When the line containing "Night-time road noise heatmap for WV2 3DX" appears in the entries below, begin printing there and stop after the line containing "Chaise de bureau"; print each of those lines exactly and no other line.

* * * * *

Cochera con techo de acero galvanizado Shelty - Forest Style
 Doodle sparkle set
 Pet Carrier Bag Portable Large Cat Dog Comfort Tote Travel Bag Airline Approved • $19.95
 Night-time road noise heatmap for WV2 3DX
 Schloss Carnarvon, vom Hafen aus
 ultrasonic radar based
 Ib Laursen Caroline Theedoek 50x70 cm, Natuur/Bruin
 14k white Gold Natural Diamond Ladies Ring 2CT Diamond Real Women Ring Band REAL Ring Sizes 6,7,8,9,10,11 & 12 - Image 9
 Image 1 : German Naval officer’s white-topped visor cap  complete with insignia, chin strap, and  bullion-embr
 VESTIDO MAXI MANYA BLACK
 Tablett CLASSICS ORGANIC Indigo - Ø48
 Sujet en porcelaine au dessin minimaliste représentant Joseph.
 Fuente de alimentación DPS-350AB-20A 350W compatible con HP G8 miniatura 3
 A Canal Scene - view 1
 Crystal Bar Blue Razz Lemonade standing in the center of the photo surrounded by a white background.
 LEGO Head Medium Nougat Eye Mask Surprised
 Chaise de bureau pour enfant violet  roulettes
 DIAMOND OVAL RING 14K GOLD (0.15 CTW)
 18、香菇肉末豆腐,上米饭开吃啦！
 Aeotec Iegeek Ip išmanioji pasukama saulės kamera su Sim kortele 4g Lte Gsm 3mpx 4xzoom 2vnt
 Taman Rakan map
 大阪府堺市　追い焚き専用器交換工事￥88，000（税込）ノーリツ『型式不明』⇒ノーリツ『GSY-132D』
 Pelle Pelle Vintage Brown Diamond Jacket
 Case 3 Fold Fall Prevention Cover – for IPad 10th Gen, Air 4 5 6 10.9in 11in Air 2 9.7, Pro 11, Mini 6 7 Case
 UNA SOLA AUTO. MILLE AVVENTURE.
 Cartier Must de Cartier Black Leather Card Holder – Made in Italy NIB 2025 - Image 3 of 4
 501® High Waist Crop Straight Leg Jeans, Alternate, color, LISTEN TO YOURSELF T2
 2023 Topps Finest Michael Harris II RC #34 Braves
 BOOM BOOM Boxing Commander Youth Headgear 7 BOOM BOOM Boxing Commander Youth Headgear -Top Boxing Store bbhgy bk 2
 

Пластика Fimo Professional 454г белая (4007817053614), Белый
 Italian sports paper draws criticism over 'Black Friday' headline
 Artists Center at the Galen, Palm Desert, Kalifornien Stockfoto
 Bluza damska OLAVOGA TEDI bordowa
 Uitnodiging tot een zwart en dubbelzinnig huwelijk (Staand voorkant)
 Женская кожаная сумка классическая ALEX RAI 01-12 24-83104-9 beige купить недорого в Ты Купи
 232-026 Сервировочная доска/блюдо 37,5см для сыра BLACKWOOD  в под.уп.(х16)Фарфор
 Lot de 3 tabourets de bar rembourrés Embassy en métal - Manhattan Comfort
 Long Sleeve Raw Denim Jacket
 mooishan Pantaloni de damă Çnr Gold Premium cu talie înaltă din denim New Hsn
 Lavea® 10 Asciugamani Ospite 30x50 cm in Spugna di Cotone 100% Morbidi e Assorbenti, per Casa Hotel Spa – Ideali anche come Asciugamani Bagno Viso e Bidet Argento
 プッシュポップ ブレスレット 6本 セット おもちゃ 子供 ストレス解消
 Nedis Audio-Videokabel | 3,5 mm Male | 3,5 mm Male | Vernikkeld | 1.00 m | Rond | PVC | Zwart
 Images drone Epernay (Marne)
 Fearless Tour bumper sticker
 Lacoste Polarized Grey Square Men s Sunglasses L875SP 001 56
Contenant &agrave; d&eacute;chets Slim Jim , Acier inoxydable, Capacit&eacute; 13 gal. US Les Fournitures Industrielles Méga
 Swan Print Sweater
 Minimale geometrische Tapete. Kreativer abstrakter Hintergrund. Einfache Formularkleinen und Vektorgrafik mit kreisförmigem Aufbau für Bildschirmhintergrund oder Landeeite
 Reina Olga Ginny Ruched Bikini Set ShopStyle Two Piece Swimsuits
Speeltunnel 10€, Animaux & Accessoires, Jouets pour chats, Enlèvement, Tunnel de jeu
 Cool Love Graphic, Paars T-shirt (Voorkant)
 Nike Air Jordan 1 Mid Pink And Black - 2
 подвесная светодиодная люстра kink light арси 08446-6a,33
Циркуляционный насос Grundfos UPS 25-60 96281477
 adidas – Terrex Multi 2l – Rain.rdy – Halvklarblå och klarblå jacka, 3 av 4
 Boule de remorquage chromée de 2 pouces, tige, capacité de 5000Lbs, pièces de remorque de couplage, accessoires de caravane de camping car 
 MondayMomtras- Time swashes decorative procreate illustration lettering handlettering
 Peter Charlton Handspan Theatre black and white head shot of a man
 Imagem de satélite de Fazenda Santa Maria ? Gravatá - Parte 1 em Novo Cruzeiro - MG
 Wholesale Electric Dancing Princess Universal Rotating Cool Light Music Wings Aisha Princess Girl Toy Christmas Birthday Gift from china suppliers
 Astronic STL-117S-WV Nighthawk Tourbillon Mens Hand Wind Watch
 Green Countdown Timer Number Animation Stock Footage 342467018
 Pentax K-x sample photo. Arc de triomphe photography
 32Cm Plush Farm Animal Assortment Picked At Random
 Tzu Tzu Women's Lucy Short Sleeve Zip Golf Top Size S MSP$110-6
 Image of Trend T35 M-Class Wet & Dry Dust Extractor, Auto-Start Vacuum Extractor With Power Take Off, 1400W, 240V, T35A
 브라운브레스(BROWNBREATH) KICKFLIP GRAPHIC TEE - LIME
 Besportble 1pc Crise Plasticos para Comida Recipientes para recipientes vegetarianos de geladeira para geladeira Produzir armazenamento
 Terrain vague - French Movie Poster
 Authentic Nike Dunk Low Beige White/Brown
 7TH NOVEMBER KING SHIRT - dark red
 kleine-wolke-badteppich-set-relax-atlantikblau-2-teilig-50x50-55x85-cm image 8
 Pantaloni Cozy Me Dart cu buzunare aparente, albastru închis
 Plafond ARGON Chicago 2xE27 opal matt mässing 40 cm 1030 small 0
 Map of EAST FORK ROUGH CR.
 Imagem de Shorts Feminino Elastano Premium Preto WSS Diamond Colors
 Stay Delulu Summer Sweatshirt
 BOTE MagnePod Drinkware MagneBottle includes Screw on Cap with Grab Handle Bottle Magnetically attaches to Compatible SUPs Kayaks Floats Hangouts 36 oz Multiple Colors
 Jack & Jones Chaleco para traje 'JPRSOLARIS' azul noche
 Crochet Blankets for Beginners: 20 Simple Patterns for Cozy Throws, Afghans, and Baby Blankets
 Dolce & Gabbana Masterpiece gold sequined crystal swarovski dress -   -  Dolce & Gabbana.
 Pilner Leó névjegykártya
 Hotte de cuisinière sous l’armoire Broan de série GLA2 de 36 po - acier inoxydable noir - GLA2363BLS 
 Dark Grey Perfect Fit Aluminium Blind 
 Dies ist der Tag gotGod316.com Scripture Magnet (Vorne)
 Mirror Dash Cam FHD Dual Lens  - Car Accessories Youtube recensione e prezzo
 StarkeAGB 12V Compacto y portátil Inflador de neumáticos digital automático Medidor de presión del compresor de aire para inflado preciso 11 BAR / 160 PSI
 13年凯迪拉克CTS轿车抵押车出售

* * * * *

■ **Written response**
 Night-time road noise heatmap for WV2 3DX
 Schloss Carnarvon, vom Hafen aus
 ultrasonic radar based
 Ib Laursen Caroline Theedoek 50x70 cm, Natuur/Bruin
 14k white Gold Natural Diamond Ladies Ring 2CT Diamond Real Women Ring Band REAL Ring Sizes 6,7,8,9,10,11 & 12 - Image 9
 Image 1 : German Naval officer’s white-topped visor cap  complete with insignia, chin strap, and  bullion-embr
 VESTIDO MAXI MANYA BLACK
 Tablett CLASSICS ORGANIC Indigo - Ø48
 Sujet en porcelaine au dessin minimaliste représentant Joseph.
 Fuente de alimentación DPS-350AB-20A 350W compatible con HP G8 miniatura 3
 A Canal Scene - view 1
 Crystal Bar Blue Razz Lemonade standing in the center of the photo surrounded by a white background.
 LEGO Head Medium Nougat Eye Mask Surprised
 Chaise de bureau pour enfant violet  roulettes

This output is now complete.